Идёшь по тропе, заросшей бурьяном, заваленной сухостойником. Дальше по вязкой болотине, где укрыта мхом трясина. Не угодить бы в неё? Наконец, с радостью вступаешь на твёрдую дорогу. И вдруг слышишь переливы бегущего по камням родника. Припадаешь губами и пьёшь. Пьёшь ледяную влагу, от неё почему-то никогда не бывает простуды…
I.
Думаю, с таким лесным родником сравнима поэзия Николая Рубцова – негромкая, как её именовали, неброская.
«Тихая лирика», не увенчанная лаврами и наградами.
Современный человек устал от «музыки», ломающей ушные перепонки. Он изнемог от книжных или телевизионных сюжетов с обильными дозами примитива и секса, от ярлыков и оскорблений, раздаваемых направо и налево. Его мутит от подмены чести и достоинства чинопочитанием и холопством. Он уже готов спрятаться куда-нибудь от навязывания пагубной «цифровизации» и устрашающей «бандемии».
А куда спрятаться?
И вот с жадностью припадает он к строкам Рубцова как к истоку, который ещё сохранился чистым, ещё не замутнённым временем.
В чём их притягательность?
Наверное, в доброте, в отсутствии фальши.
До конца,
До тихого креста
Пусть душа
Останется чиста!
Перед этой
Жёлтой, захолустной
Стороной берёзовой
Моей,
Перед жнивой
Пасмурной и грустной
В дни осенних
Горестных дождей,
Перед этим
Строгим сельсоветом,
Перед этим
Стадом у моста,
Перед всем
Старинным белым светом
Я клянусь:
Душа моя чиста.
Пусть она
Останется чиста
До конца,
До смертного креста!
(разбивка строк сделана Николаем Рубцовым в книге «Зелёные цветы», 1971. – Г.С.).
Задумываясь над истоками этой чистоты, невольно уносился я мыслями в Беломорье – край суровый, богатый сказками, легендами, преданиями.
Удивительные по красоте дни выпадают иногда ранней весной на севере – полные какой-то неизъяснимой загадки. На чистом, будто огромная голубая скатерть, небе – большое ярко-рыжее солнце. Рядом, в той же бездонной лазури – стоит луна. Я любовался ими поочередно, отсчитывая километры по большаку. Тайга осталась позади. За поворотом замаячило село Емецк, основанное на сто с лишним лет раньше Москвы. По соседству, ближе к Северной Двине, пролегал в старину рыбный тракт. По нему, томимый жаждой познания, шёл в столицу будущий великий помор – Михайло Васильевич Ломоносов. Материнская его деревенька сравнительно недалеко, в этом же районе, на Курострове. Русский Леонардо да Винчи, а, может, и более итальянца. Во всём, что сотворили ум и руки гения – будь то грамматика русского языка, научные открытия, исторические исследования, мозаики – Ломоносов оставался поэтом.
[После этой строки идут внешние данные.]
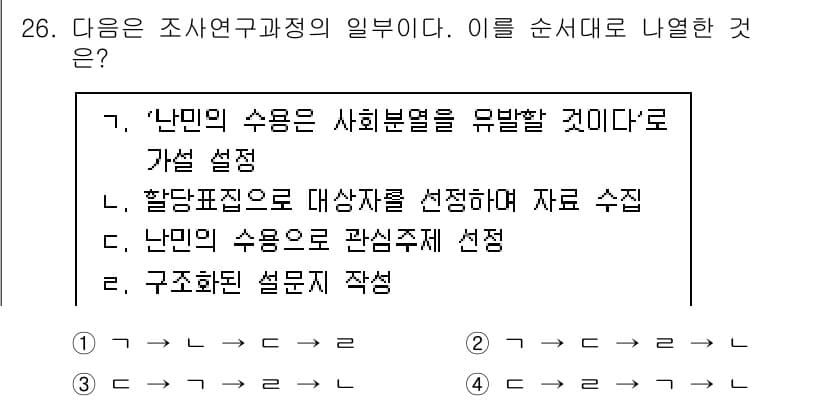 사회조사분석사_2급 2020년 26번 - 주어진 문제는 조사의 단계별 과정을 나열하는 것입니다. '가설 설정'(1... 에 관한 핵심 기출문제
Чуть ли не с рождения по складу психики был поэтом и Рубцов. Два поэта, два земляка. Солнце и Луна. Добрая символика виделась в их землячестве.
Въезжаю в Емецк. Среди села, по дороге на Вологду – отворотка, спускаюсь по ней, иду по улице. Останавливаюсь у деревянного двухэтажного здания.
«В этом доме, – читаю на мраморной доске, – 3 января 1936 года родился поэт Николай Рубцов».
Молча, с чувством отдалённой вины, оглядываю заурядное жильё. В подобных «хоромах» и поныне обитает едва ли не половина населения обширного северного края, в нём можно разместить пять государств, равных Франции. Вечно хлопающие двери, скрипучая лестница наверх…
Родина – она и есть Родина!
Она всегда остаётся с нами. До последнего дыхания согревает душу теплом. И чтобы понять натуру поэта, почувствовать первопричину творчества, надо прикоснуться к самому истоку. А исток – он здесь, на земле архангельской.
В Емецк семья Михаила Рубцова приехала из Вологды в 1935 году. В доме, у которого стою, и появился на свет Коля четвёртым ребёнком. Тогда дом принадлежал отделу рабочего снабжения местного леспромхоза, в отделе и работал отец поэта. Семья занимала квартиру на втором этаже. Окна выходили на дорогу и во двор. А там, за огородами, привольно текла речка Емца. На ближнем берегу – малая пристань с лодками и катерками. Милый сердцу северный пейзаж. Не от него ли, подкреплённая срочной службой в Северном флоте, ворвалась в стихи Рубцова «морская тема»?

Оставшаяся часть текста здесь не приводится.